For decades, paleontologists have debated whether Tanystropheus lived on land or in the water. Researchers have found a number of small Tanystropheus skeletons that reached about five feet in length and had three-pointed, leaf shaped teeth. But other scientists have also found larger Tanystropheus skeletons 20 feet in length including the tail, with the neck alone accounting for 10 feet. The large Tanystropheus specimens have conical fangs that curve backwards and the remains of fish and squid-like creatures have been found in their stomachs.
Researchers thought that perhaps the smaller version of Tanystropheus was a land-dwelling juvenile that grew differently shaped teeth when it reached adulthood. This happens with some present-day reptiles; young Nile monitor lizards have pointy teeth while adults have teeth specialized for crushing, Rieppel says.
Until now, the skulls belonging to the larger version of Tanystropheus have been difficult to study in detail because the fossils were compacted by the surrounding sediments. “It’s as if you pressed plants between two books,” Rieppel says. “The individual bones are fairly intact, but all compressed and flattened.”
To get around this problem, Rieppel’s team took CT scans of a large Tanystropheus skull collected from Monte San Giorgio in Switzerland, which lies near the border with Italy. They then used the scans to create a three-dimensional digital reconstruction of the skull. They noticed several adaptations for an aquatic lifestyle, including nostrils located on top of the reptile’s snout rather than at the tip. “This makes it easier to catch air as you pop your head out of the water,” Rieppel says.
Additionally, the skull had a more flattened shape than smaller Tanystropheus skulls, which would have reduced drag as it moved through the water. In the large skull, the curving teeth had an interlocking arrangement that would have made an ideal “fish-trap,” the scientists say.
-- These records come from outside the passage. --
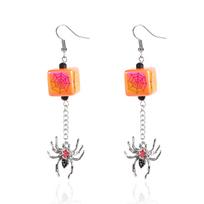 Creative Halloween Earrings Colorful Crystal Spider Drop Earrings Hook for Women Party Jewelry Halloween Gifts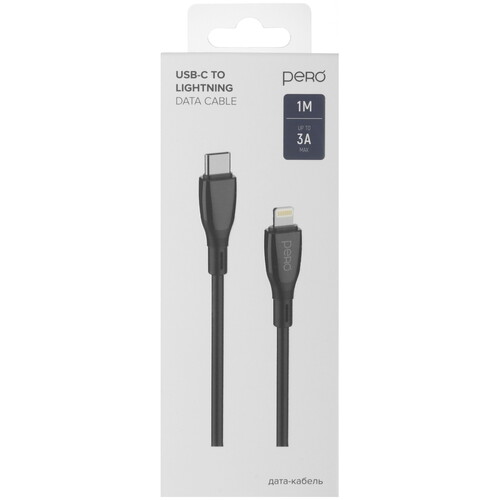 Купить Кабель круглый PERO Lightning 8-pin - USB Type-C черный 1 м  5474204. Характеристики, отзывы и цены в Донецке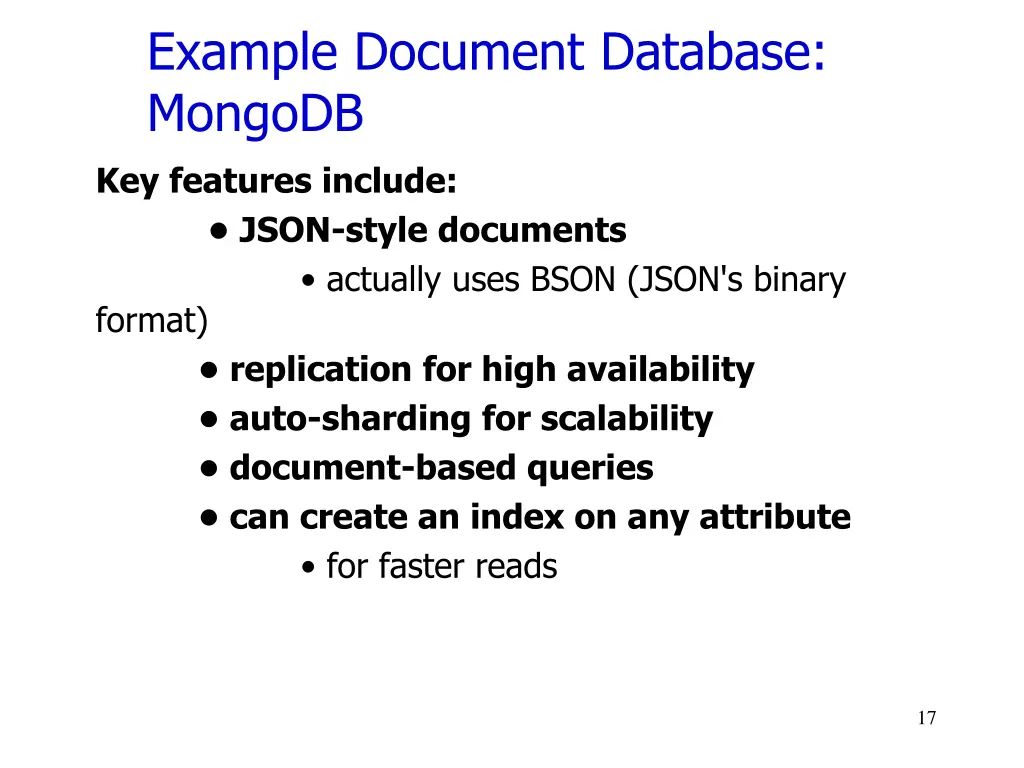 example document database mongodb key features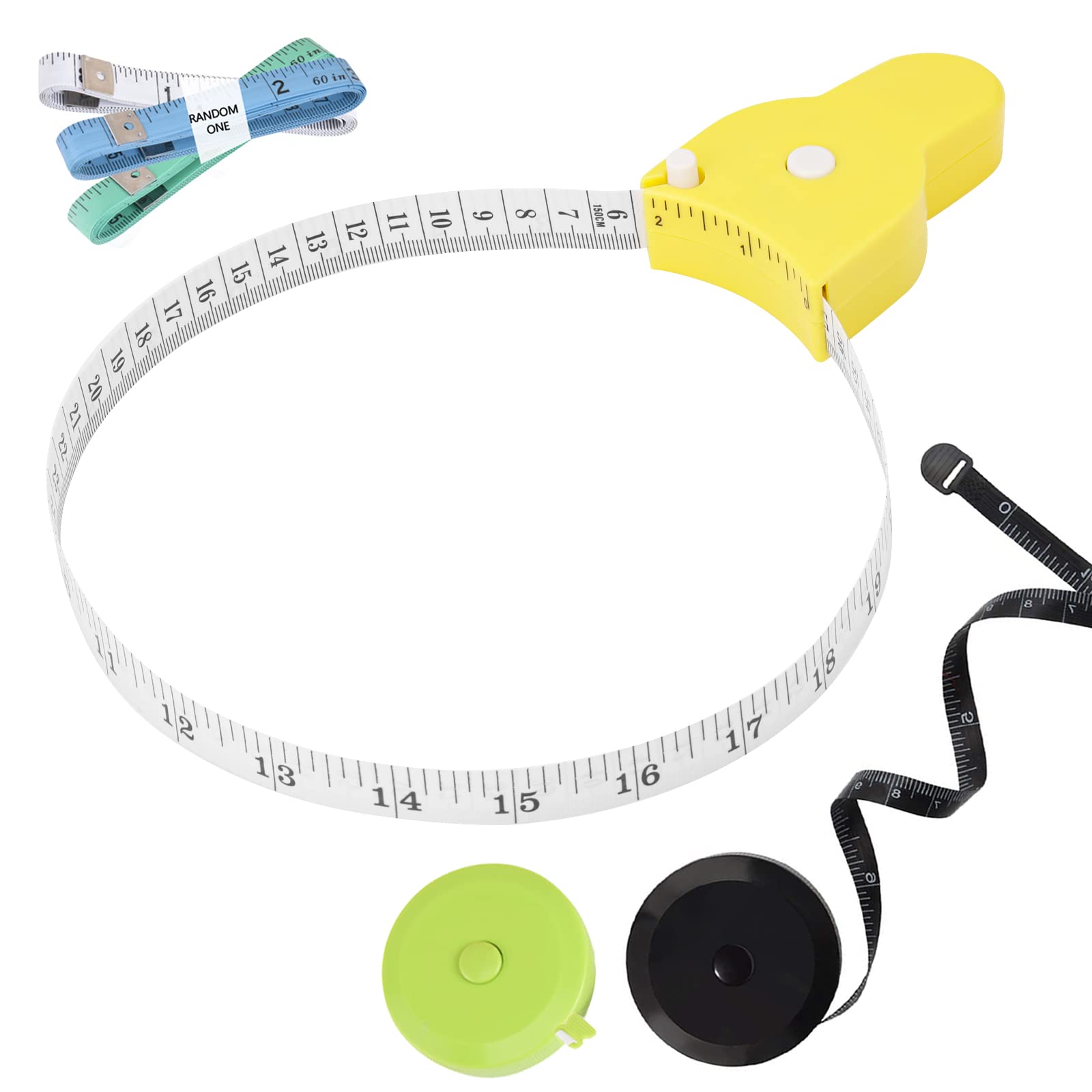 60 Inch (150cm) Retractable Body Measuring Tape - 4 Pack Slim Tape Measure for Accurate Weight Loss & Muscle Gain Tracking, One-Hand Operation - Perfect for Fitness, Sewing & Tailoring Projects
The researchers also examined fine slices of limb bones from two smaller Tanystropheus skeletons from Monte San Giorgio under the microscope to determine if they were youngsters. Reptile bones contain growth rings, which like tree rings can be used to estimate age; wide growth rings are a sign of quickly-growing bone. The researchers found numerous and closely spaced growth rings within the Tanystropheus bones, indicating that the animals had reached their mature size.
The team concluded that the large and miniature versions of Tanystropheus were two separate species. The small version kept its original name: Tanystropheus longobardicus. The researchers dubbed the larger species Tanystropheus hydroides, after the serpentine-necked hydra of Greek mythology.
The two kinds of Tanystropheus may have both been largely aquatic and occupied the same shallow waters and lagoons without having to compete for dinner. “This long neck is very difficult to carry around on land,” Rieppel notes.
The smaller Tanystropheus might have hunted shrimp and other soft-shelled invertebrates. For Tanystropheus hydroides, having an excessively long, slender neck and small head might have enabled it to approach its prey stealthily, or allowed the potential catch to unwittingly venture close.
When an animal moves through water, it sends pressure waves rippling ahead of its body, which fish can detect. “Tanystropheus, with its long neck, could sneak up on prey,” Rieppel says, “and the head would be at the prey before the pressure waves generated by the bulky body would have arrived.”